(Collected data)
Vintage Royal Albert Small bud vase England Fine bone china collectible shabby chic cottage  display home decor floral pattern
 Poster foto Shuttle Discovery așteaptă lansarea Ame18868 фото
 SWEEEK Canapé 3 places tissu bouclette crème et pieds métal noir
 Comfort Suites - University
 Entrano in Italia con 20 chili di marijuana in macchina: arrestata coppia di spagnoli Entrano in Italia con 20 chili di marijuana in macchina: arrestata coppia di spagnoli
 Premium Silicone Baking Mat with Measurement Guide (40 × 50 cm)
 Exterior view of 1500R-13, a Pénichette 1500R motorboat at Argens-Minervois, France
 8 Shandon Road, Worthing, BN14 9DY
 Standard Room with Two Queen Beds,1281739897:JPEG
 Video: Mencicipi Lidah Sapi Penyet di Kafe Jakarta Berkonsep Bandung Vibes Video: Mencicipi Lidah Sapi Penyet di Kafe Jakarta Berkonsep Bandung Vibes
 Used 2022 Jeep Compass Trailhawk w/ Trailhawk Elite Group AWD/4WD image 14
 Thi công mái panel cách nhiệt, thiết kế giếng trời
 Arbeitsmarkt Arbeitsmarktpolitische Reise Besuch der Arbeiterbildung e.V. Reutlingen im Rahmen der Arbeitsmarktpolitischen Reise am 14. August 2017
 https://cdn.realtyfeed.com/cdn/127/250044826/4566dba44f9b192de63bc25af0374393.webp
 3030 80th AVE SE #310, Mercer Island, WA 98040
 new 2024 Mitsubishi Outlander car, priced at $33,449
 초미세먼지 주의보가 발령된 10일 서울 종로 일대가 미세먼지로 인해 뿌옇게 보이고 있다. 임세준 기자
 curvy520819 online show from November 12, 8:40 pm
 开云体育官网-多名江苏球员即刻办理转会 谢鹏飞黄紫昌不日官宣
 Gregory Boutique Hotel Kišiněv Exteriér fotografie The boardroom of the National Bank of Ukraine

> PROBLEM REQUIREMENTS
Each record shown above is to be given again exactly.

> WRITTEN ANSWER
Vintage Royal Albert Small bud vase England Fine bone china collectible shabby chic cottage  display home decor floral pattern
 Poster foto Shuttle Discovery așteaptă lansarea Ame18868 фото
 SWEEEK Canapé 3 places tissu bouclette crème et pieds métal noir
 Comfort Suites - University
 Entrano in Italia con 20 chili di marijuana in macchina: arrestata coppia di spagnoli Entrano in Italia con 20 chili di marijuana in macchina: arrestata coppia di spagnoli
 Premium Silicone Baking Mat with Measurement Guide (40 × 50 cm)
 Exterior view of 1500R-13, a Pénichette 1500R motorboat at Argens-Minervois, France
 8 Shandon Road, Worthing, BN14 9DY
 Standard Room with Two Queen Beds,1281739897:JPEG
 Video: Mencicipi Lidah Sapi Penyet di Kafe Jakarta Berkonsep Bandung Vibes Video: Mencicipi Lidah Sapi Penyet di Kafe Jakarta Berkonsep Bandung Vibes
 Used 2022 Jeep Compass Trailhawk w/ Trailhawk Elite Group AWD/4WD image 14
 Thi công mái panel cách nhiệt, thiết kế giếng trời
 Arbeitsmarkt Arbeitsmarktpolitische Reise Besuch der Arbeiterbildung e.V. Reutlingen im Rahmen der Arbeitsmarktpolitischen Reise am 14. August 2017
 https://cdn.realtyfeed.com/cdn/127/250044826/4566dba44f9b192de63bc25af0374393.webp
 3030 80th AVE SE #310, Mercer Island, WA 98040
 new 2024 Mitsubishi Outlander car, priced at $33,449
 초미세먼지 주의보가 발령된 10일 서울 종로 일대가 미세먼지로 인해 뿌옇게 보이고 있다. 임세준 기자
 curvy520819 online show from November 12, 8:40 pm
 开云体育官网-多名江苏球员即刻办理转会 谢鹏飞黄紫昌不日官宣
 Gregory Boutique Hotel Kišiněv Exteriér fotografie The boardroom of the National Bank of Ukraine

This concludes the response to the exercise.